Listing by category:

  • Castor:
    • Update SRMs to new version, including updating to SL6.
    • Bring some newer disk servers ('14 generation) into service, replacing some older ('12 generation) servers.
  • Networking
    • Enable first services on production network with IPv6 once addressing scheme agreed.
  • Infrastructure:
    • Two of the chillers supplying the air-conditioning for the R89 machine room are being replaced.
Entries in GOC DB starting since the last report.

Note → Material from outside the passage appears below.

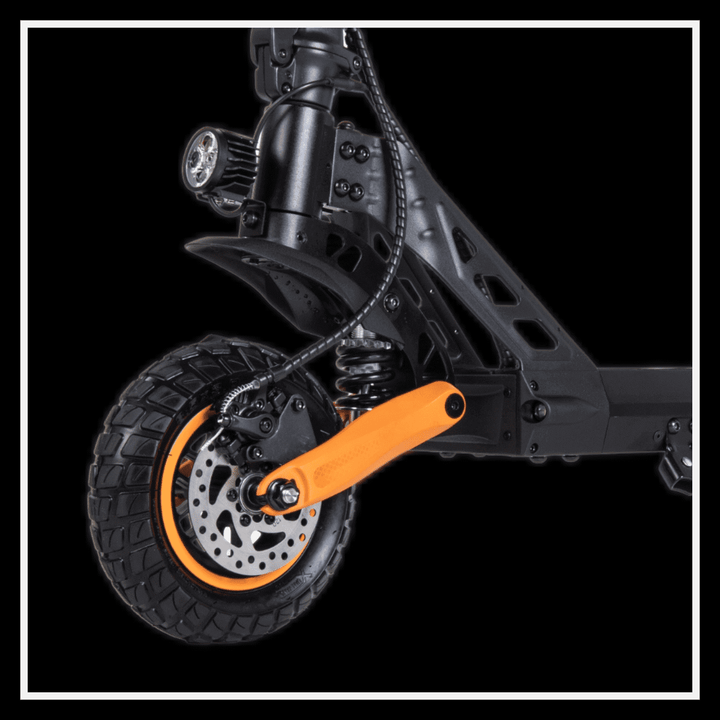Close-up view of the KUKIRIN G2 Pro electric scooter's wheel and suspension system.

Service Scheduled? Outage/At Risk Start End Duration Reason
lcgwms04.gridpp.rl.ac.uk SCHEDULED OUTAGE 12/04/2017 09:05 18/04/2017 12:00 6 days, 2 hours and 55 minutes server migration
srm-lhcb.gridpp.rl.ac.uk UNSCHEDULED OUTAGE 09/04/2017 12:00 10/04/2017 12:00 24 hours Problems with LHCb transfers
Open GGUS Tickets (Snapshot during morning of meeting)

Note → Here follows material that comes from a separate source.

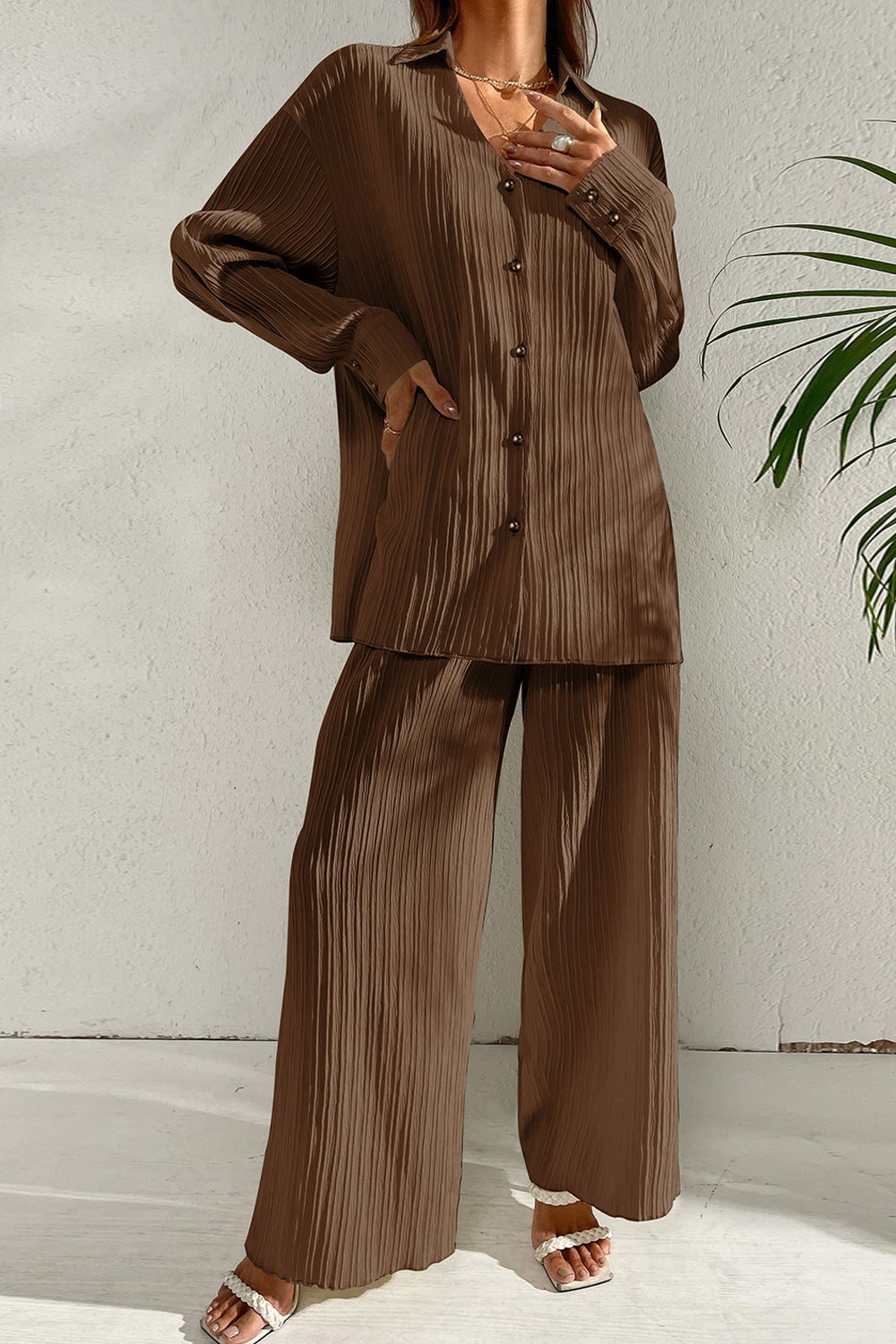 Brown pleated co-ord set with button-down shirt and wide leg trousers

GGUS ID Level Urgency State Creation Last Update VO Subject
127388 Green Less urgent In Progress 2017-03-29 2017-04-03 LHCb [FATAL] Connection error for some file
127240 Green Urgent In Progress 2017-03-21 2017-03-27 CMS Staging Test at UK_RAL for Run2
126905 Green Less Urgent Waiting Reply 2017-03-02 2017-04-03 solid finish commissioning cvmfs server for solidexperiment.org
126184 Amber Less Urgent In Progress 2017-01-26 2017-02-07 Atlas Request of inputs for new sites monitoring
124876 Red Less Urgent On Hold 2016-11-07 2017-01-01 OPS [Rod Dashboard] Issue detected : hr.srce.GridFTP-Transfer-ops@gridftp.echo.stfc.ac.uk
117683 Red Less Urgent On Hold 2015-11-18 2017-03-02 CASTOR at RAL not publishing GLUE 2.
Availability Report

Key: Atlas HC = Atlas HammerCloud (Queue ANALY_RAL_SL6, Template 845); Atlas HC ECHO = Atlas ECHO (Template 841);CMS HC = CMS HammerCloud

Day OPS Alice Atlas CMS LHCb Atlas HC Atlas HC ECHO CMS HC Comment
29/03/17 100 100 100 97 83 100 99 100 SRM test failures
30/03/17 100 100 100 100 88 100 100 100 SRM test failures
31/03/17 100 100 100 98 50 96 100 100 SRM test failures
01/04/17 100 100 67 100 79 100 100 100 Atlas: Missing data; LHCb: SRM test failures
02/034/17 100 100 100 98 100 100 89 100 SRM test failures
03/04/17 100 100 100 97 82 98 94 99 SRM test failures
05/04/17 100 100 100 100 88 100 100 100 SRM Test failures.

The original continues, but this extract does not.